The fan chart above shows a comparison between the forecasted (orange) and the actual (blue) exchange rates throughout 2024, along with various confidence intervals (50,65,80 and 95%). As illustrated by the graph, the predicted line fluctuates significantly less than the actual line, and remains rather flat around 11.5 throughout the year. The exchange rate remains within a 50% confidence interval of the forecast for the entire year, with the exception of april, in which is moves up to the 60% confidence interval.

The highest log likelihood so far 23.806 with p=3, d=1, q=1.

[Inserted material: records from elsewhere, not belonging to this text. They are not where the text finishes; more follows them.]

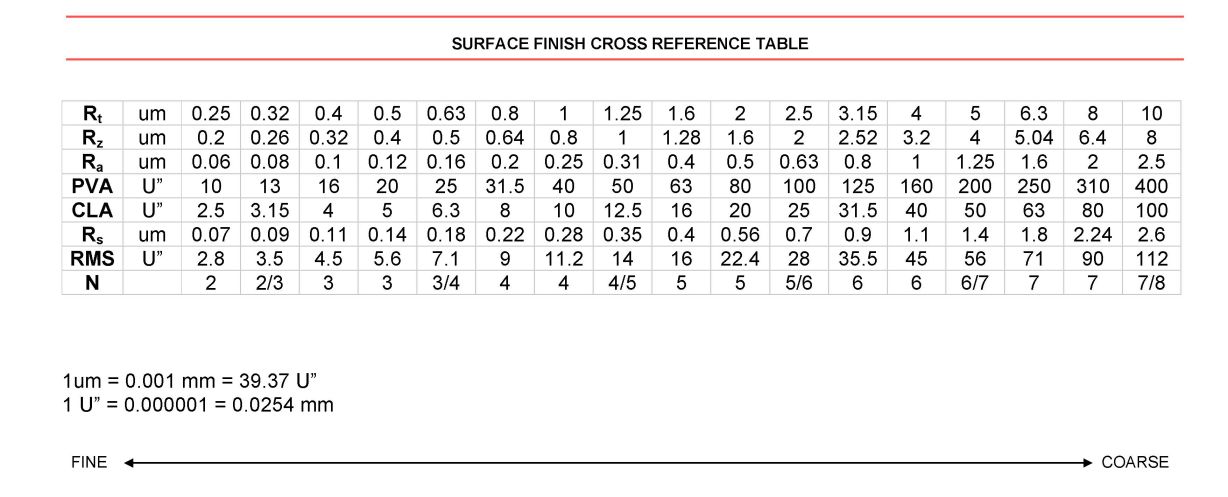 Surface Finish Cross Reference Table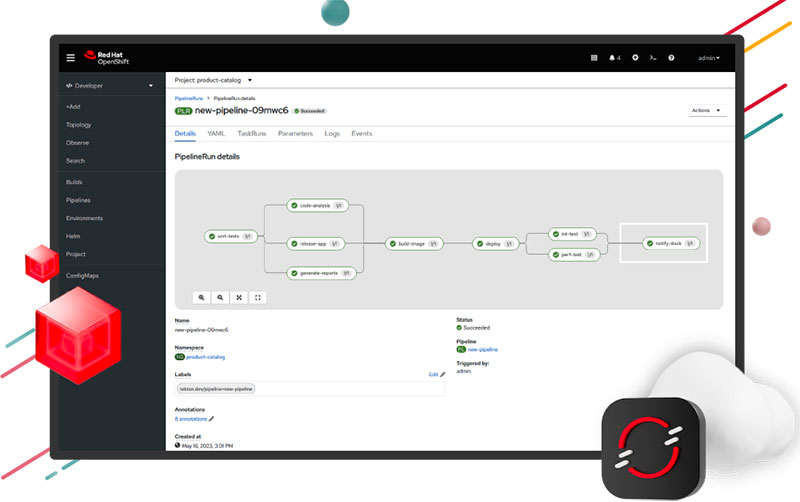 Yellobrick redhat openshift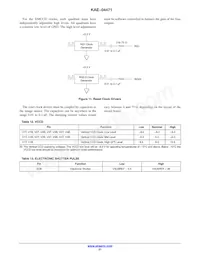 KAE-04471-FBA-JP-FA Datasheet Pagina 21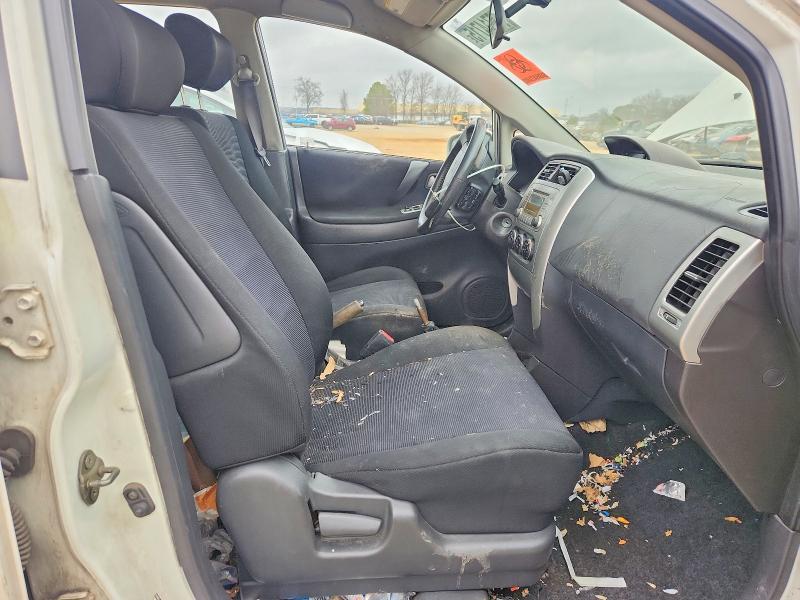 2005 Suzuki Aerio sx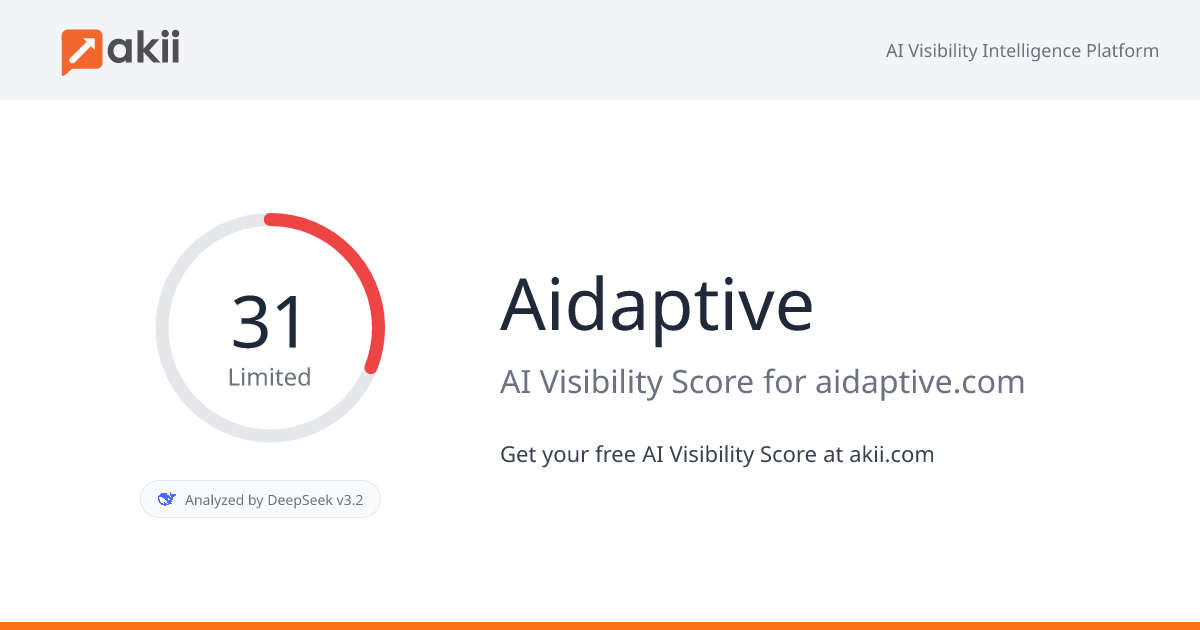 Aidaptive AI Visibility Score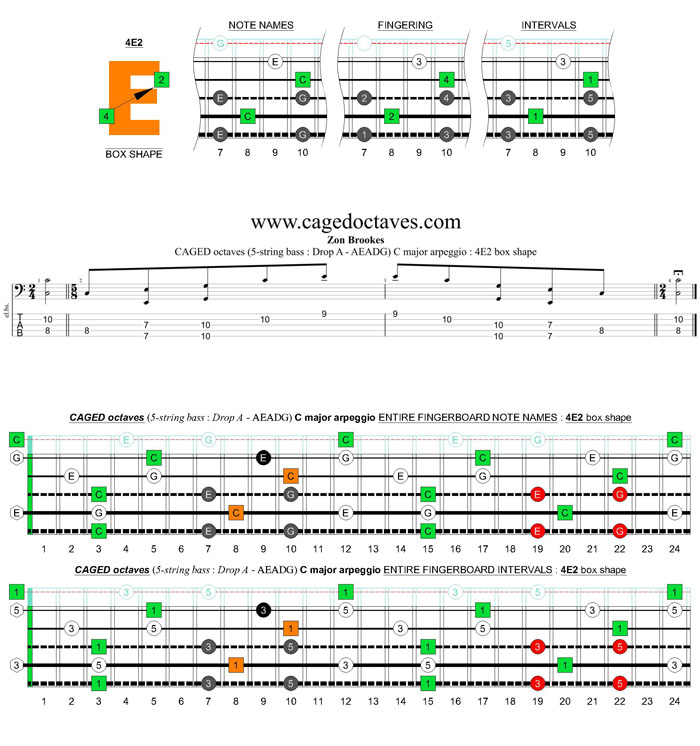 5-string bass (Drop A - AEADG) C major arpeggio : 4E2 box shape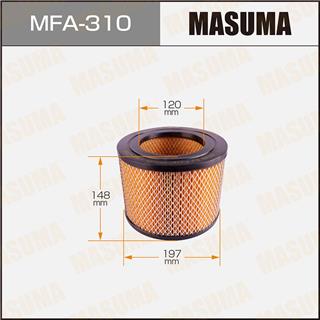 Thermostat Masuma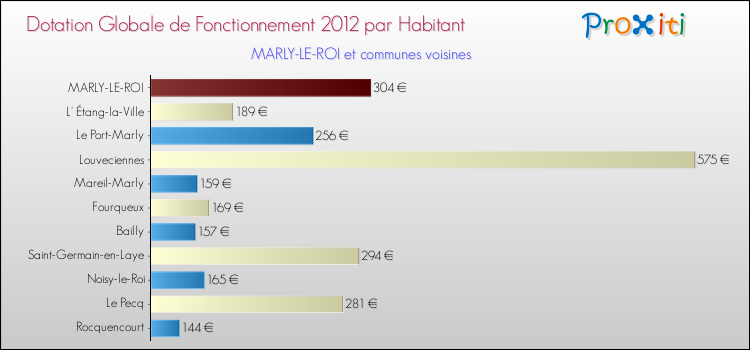 Montant des dotations globales de fonctionnement DGF par Habitant pour MARLY-LE-ROI et les communes proches Comparaison des des dotations globales de fonctionnement DGF par habitant pour MARLY-LE-ROI et les communes voisines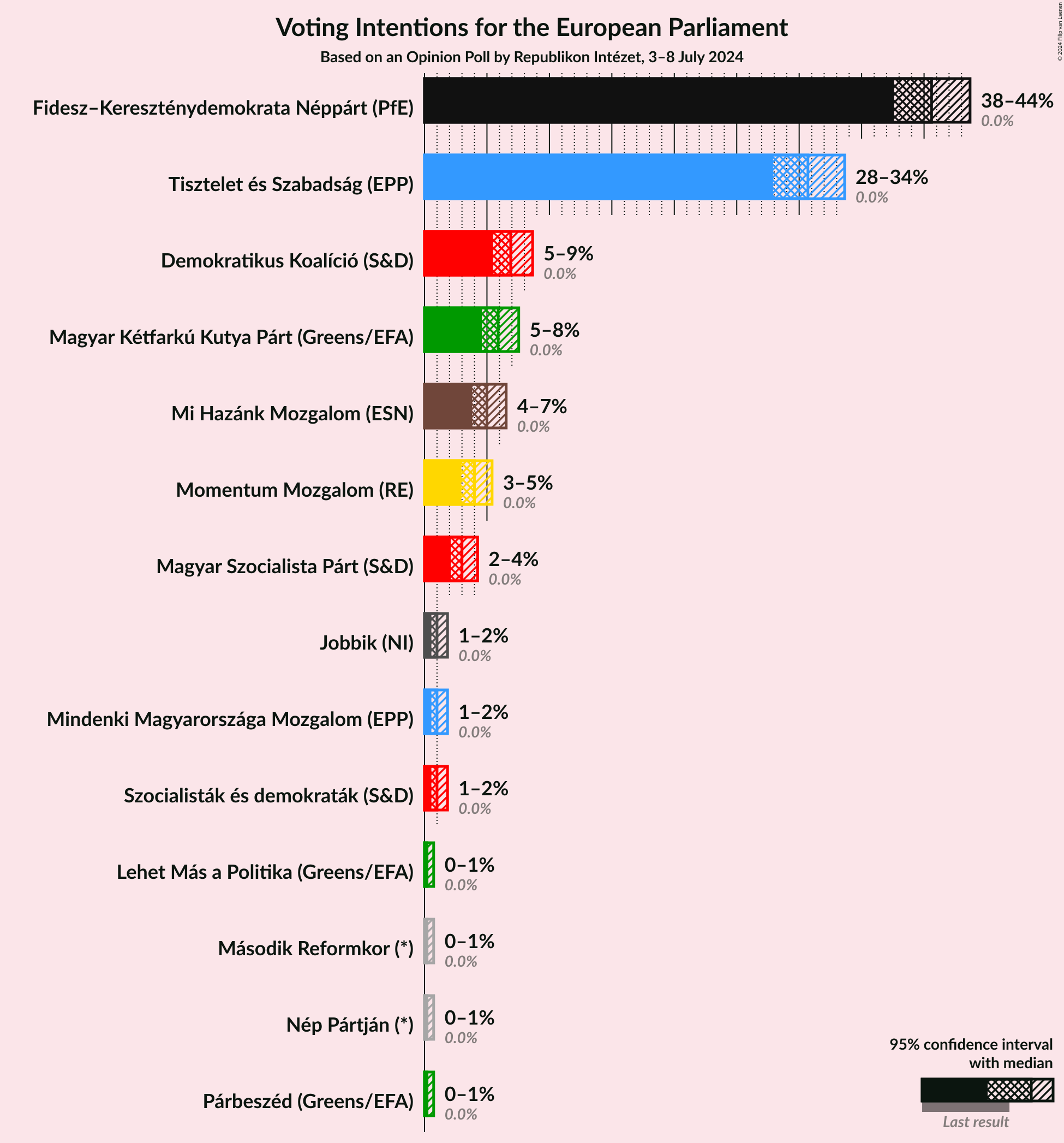 Graph with voting intentions not yet produced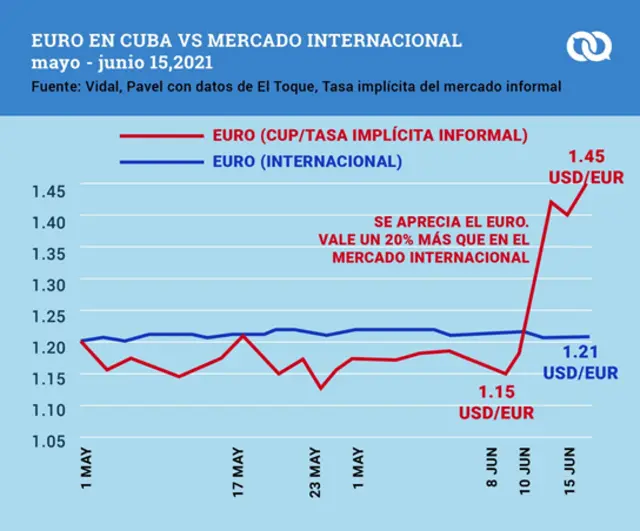 CUBA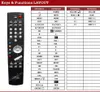 Télécommande de remplacement compatible avec le Metz RM14 Voir les images du produit 2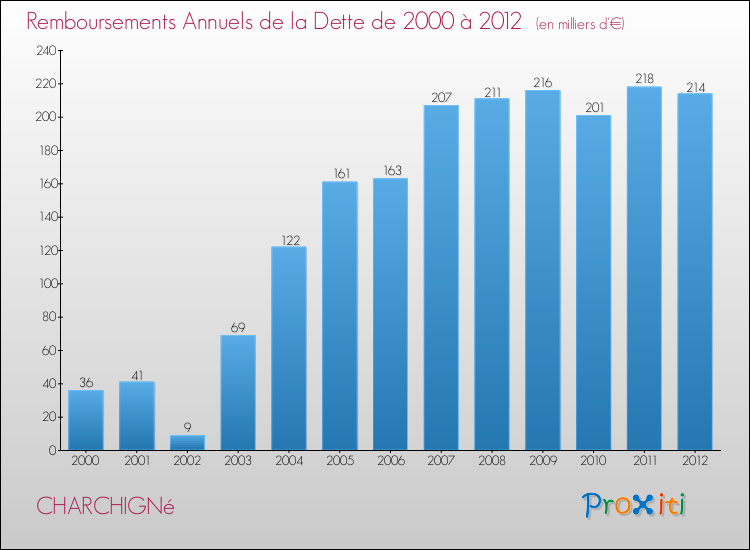 Evolution de l'annuité de la dette pour la commune de CHARCHIGNé de 2000 à 2012 Annuités de la dette pour CHARCHIGNé de 2000 à 2012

## Weaknesses and limitations
Like all predictive models, ours is not exempt from inherent weaknesses or possible implicit biases. Whether it be the selection of variables, the construction of the model, or the interpretation of the results, several steps in the process are vulnerable to errors – both computational and human.

The greatest potential for errors lies in the selection of variables. The variable selection the the bread and butter of modeling, and serves as the very fundament upon which the model is constructed. The chosen regressors are essentially assumptions we make about our research question, and if our assumptions are wrong, it could very well cause ripple effects throughout the entire model - it is difficult to draw a correct conclusion based on false premises. It is highly unlikely that six factors alone determine the NOK/EUR exchange rate. However, our limited resources are reflected in the scope of this study: The drivers of the NOK exchange rate are believably richer in number and nuance than what is presented in this report, but this nuance would be impossible to capture within the timeframe we were given to complete this task.

While the ARIMA model is a good fit for this assignment, ARIMA models generally also have a few inherent limitations, which must be accounted for: While this format in theory supports both short- and long-term modeling of time series, its ability to accurately predict values in the long run may be inadequate. Additionally, ARIMA may be sensitive to outliers, and its linear assumptions can cause errors during extraordinary economic events – such as crashes or booms. ARIMA also requires time-consuming tuning, which may be a disadvantage.

Modern technology equips us with the computational power to accurately predict movements and behaviors in financial markets through simulations and modeling, yet there are limits to what we can accomplish. It would represent a great fallacy to view the economy as an internally virtuous, self-regulating entity – the economy is essentially a man-made structure at the mercy of human behavior, which can be erratic, irrational and unpredictable.


## Use of LLMs
Language Learning Models (LLMs) have not been utilized in the writing of this report.


## Bibliography

[1] Tsay, Ruey S. *Financial Time Series* (2010). New Jersey: Wiley & Sons.

[2] Brooks, Chris. *Introductory Econometrics For Finance* (2019). Cambridge: Cambridge University Press.